EXERCISE PROMPT —
Would you return the lines that run from the start of the data below to the line with "This will be", both included, exactly as written and without pictures?

PROVIDED INFORMATION —
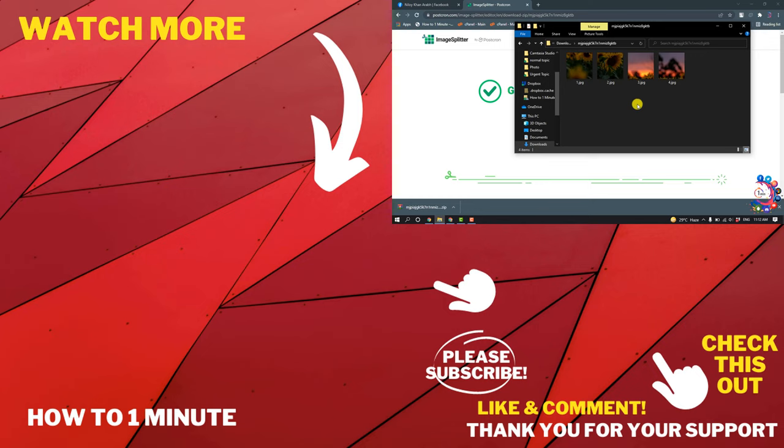If you have any questions, feel free to post in the comments. If you'd like to see more WordPress videos, please check the links in descriptions. If this video helped you, give a thumbs up and please consider subscribing to How to One Minute. Thank you for watching.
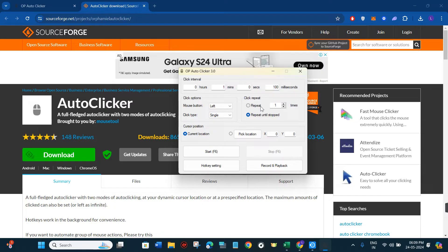Then we have the section called click repeat, which is how many times you want the click to repeat. By default it will be set to one, but you can select the range as per your convenience. For this video I'm going to keep it at five.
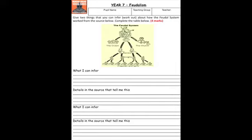This will be a feudalism inference question based upon the GCSE style that you are now and should be very familiar with. What I can infer from the source, details in the source that tell me this, and repeat that twice. Because it's a picture source, you're going to have to make sure that you describe what you can see.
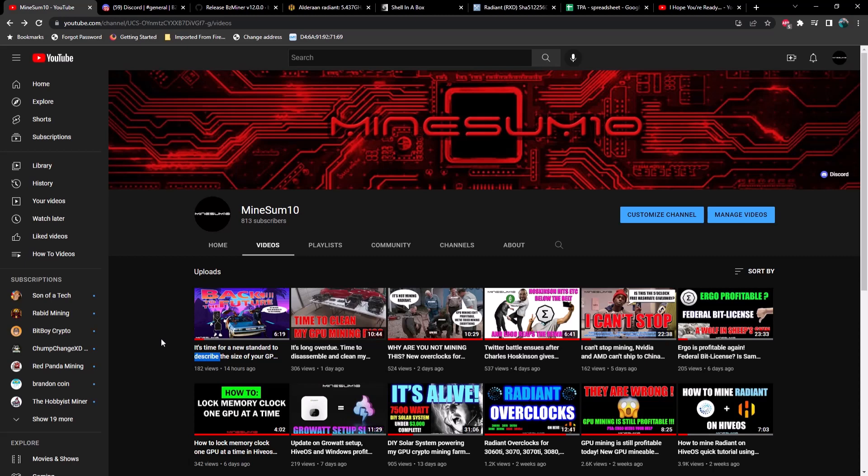What's up guys, welcome back to another episode of mine something. If you're new here my name is Jake. In today's episode we got some news - BZMiner with a new beta version. You're going to be able to dual mine Radiant and several other options. Just a forewarning, the screen is about to get bright.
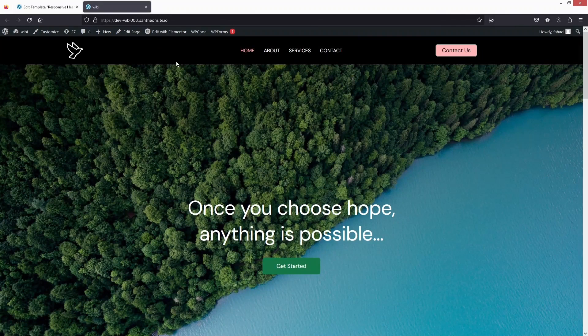This is how we can create a responsive header in Elementor. If you find this video useful, hit the like button and subscribe to the channel.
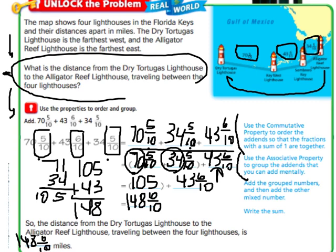Just to recap, we used the commutative and associative properties to help us know which order to add. You want to look at your fractions first and see if any of them can add up to a whole, because you want to do that first. That way you don't end up having to change from mixed numbers to fractions and back. That is Lesson 7.9. If you're in my class, the password is Snow White, and you should have been filling out page 301 in your big math book. If you have any questions, just leave me a message.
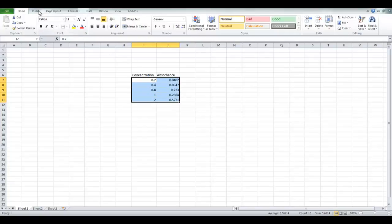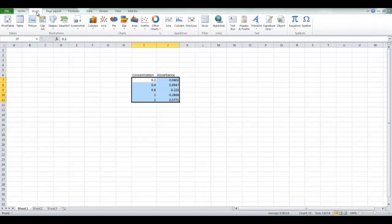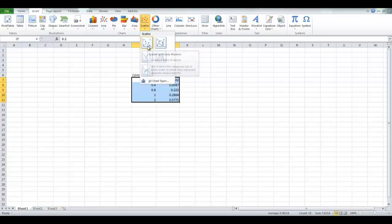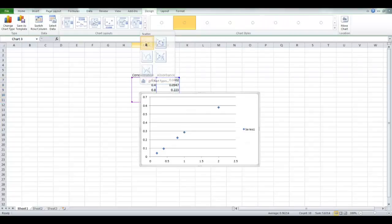Go up to Insert and choose Scatter. Choose the one at the top left corner. That will create, as you can see, a scatterplot graph.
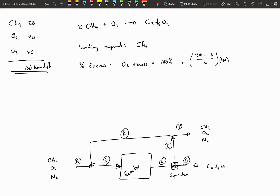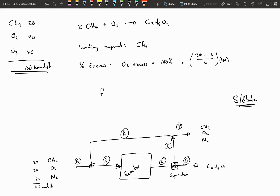Typically how we run a system like this is we close stream D and stream P and keep building the recycle stream until we have the recycle stream at the size we want it to be. Then we open P and D and have the product and purge leave the system. The system then runs at steady state — remember, we typically do mass balances at steady state only. For this example I'm giving you two more pieces of information: the overall conversion is 0.8 or 80 percent, and the ratio of the fresh feed to the recycle stream is one to nine.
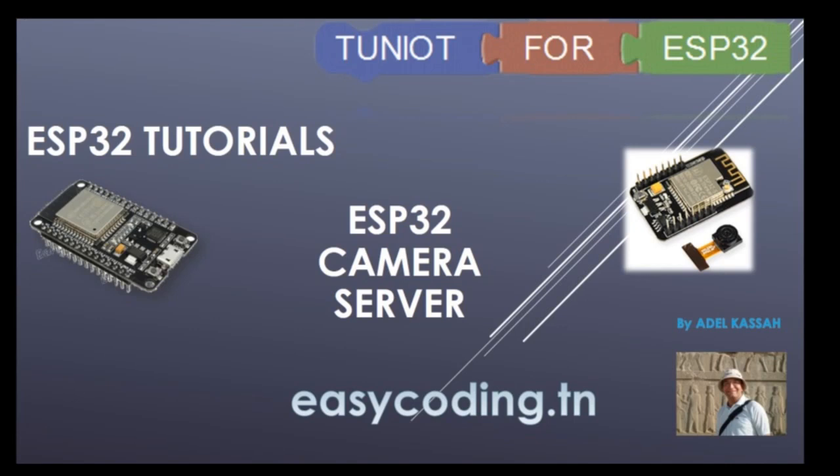Hello and welcome to this new tutorial in the list dedicated to the programming of the ESP32 board in an easy way. In this video, we will see together how to use the ESP32 camera and how to run it as a server.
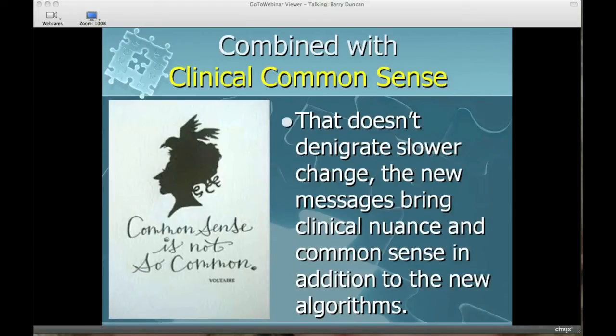The new analysis of that data brought the reliable change index on the ORS up to six, increased from five. That's a significant change. The new standard deviation of the ORS from the first session, combined with the reliability of the measures, feeds into a formula — using the first session, the last session, standard deviation, standard error, and the reliability of the ORS — to give you the reliable change index. So that increased from five to six.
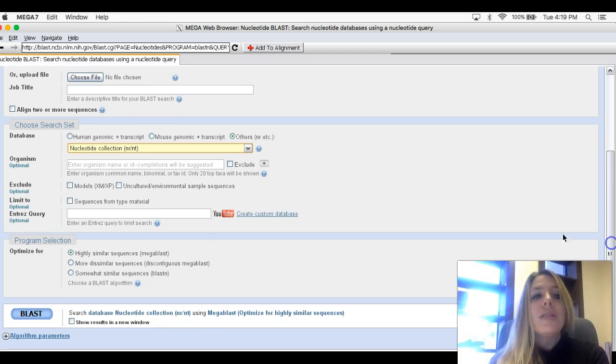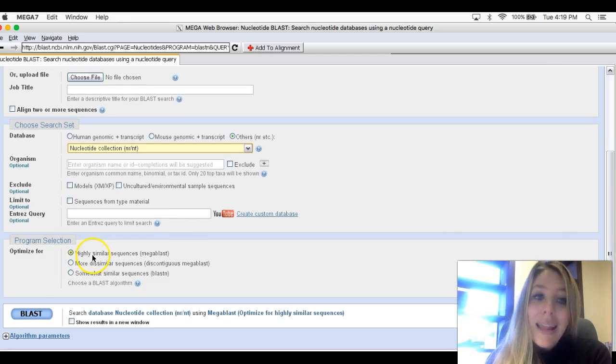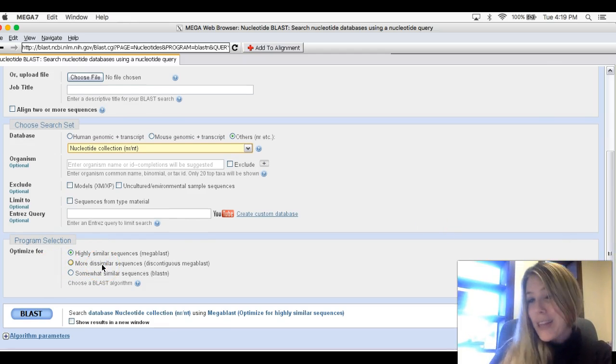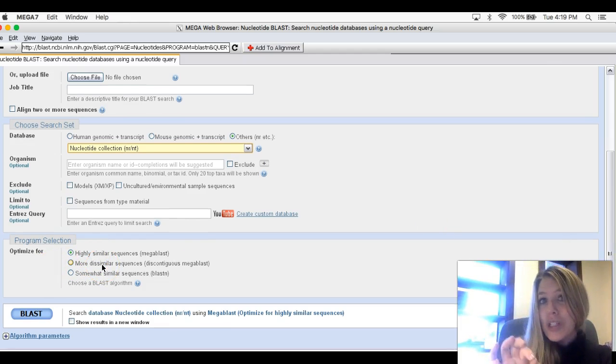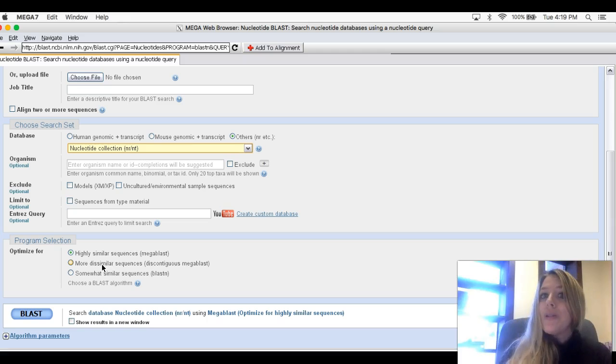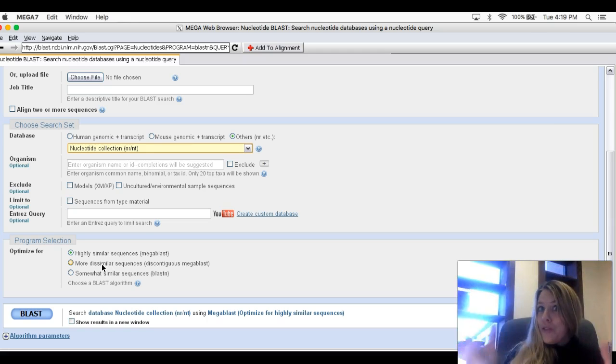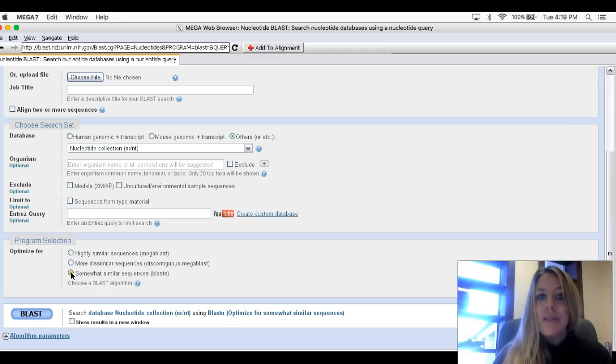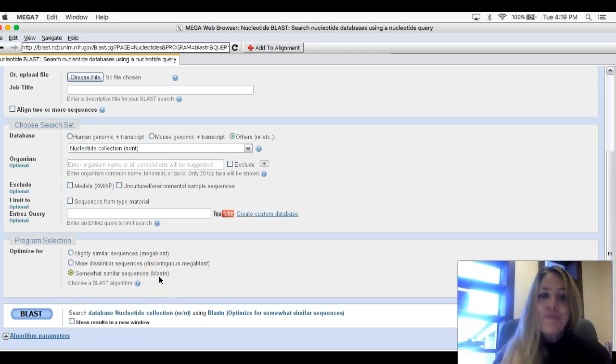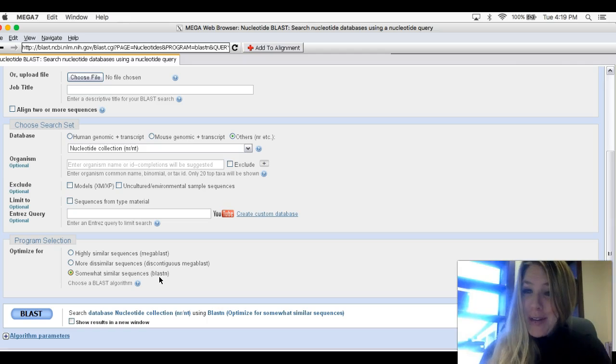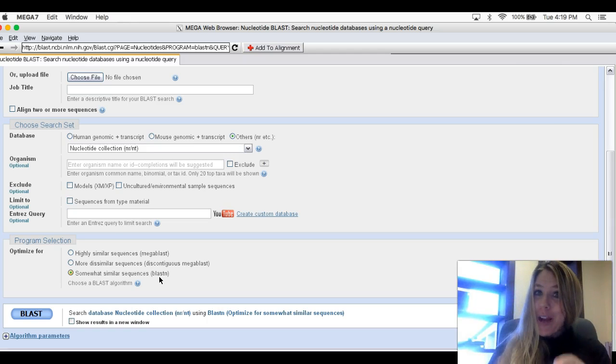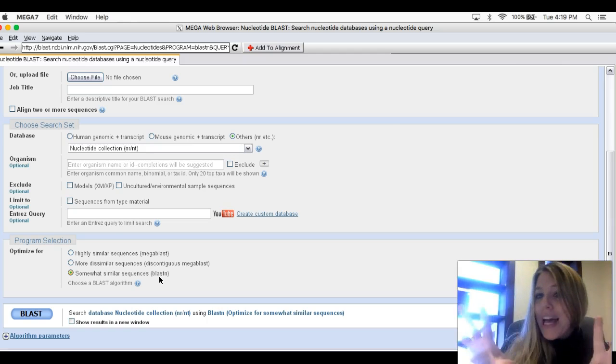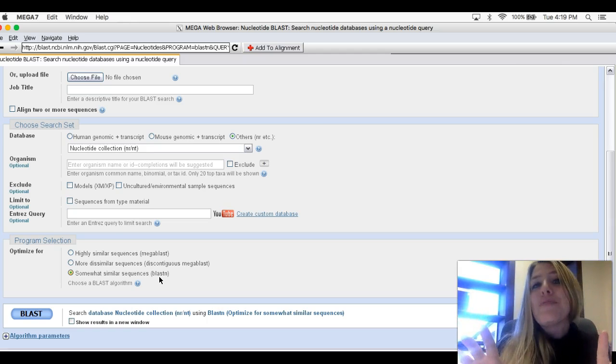Notice here it says Highly Similar Sequences. You don't want that. It's too stringent. We want to allow for room for evolutionary change. So we're going to click on Somewhat Similar Sequences or Blast In. Once those checks are done, we are ready to blast.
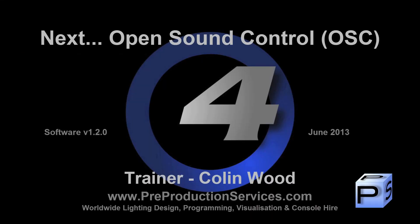In the next tutorial we shall look at external control of the console using OSC. Thank you for watching.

OUTPUT —
If you have any questions, feel free to post in the comments. If you'd like to see more WordPress videos, please check the links in descriptions. If this video helped you, give a thumbs up and please consider subscribing to How to One Minute. Thank you for watching.
Then we have the section called click repeat, which is how many times you want the click to repeat. By default it will be set to one, but you can select the range as per your convenience. For this video I'm going to keep it at five.
This will be a feudalism inference question based upon the GCSE style that you are now and should be very familiar with. What I can infer from the source, details in the source that tell me this, and repeat that twice. Because it's a picture source, you're going to have to make sure that you describe what you can see.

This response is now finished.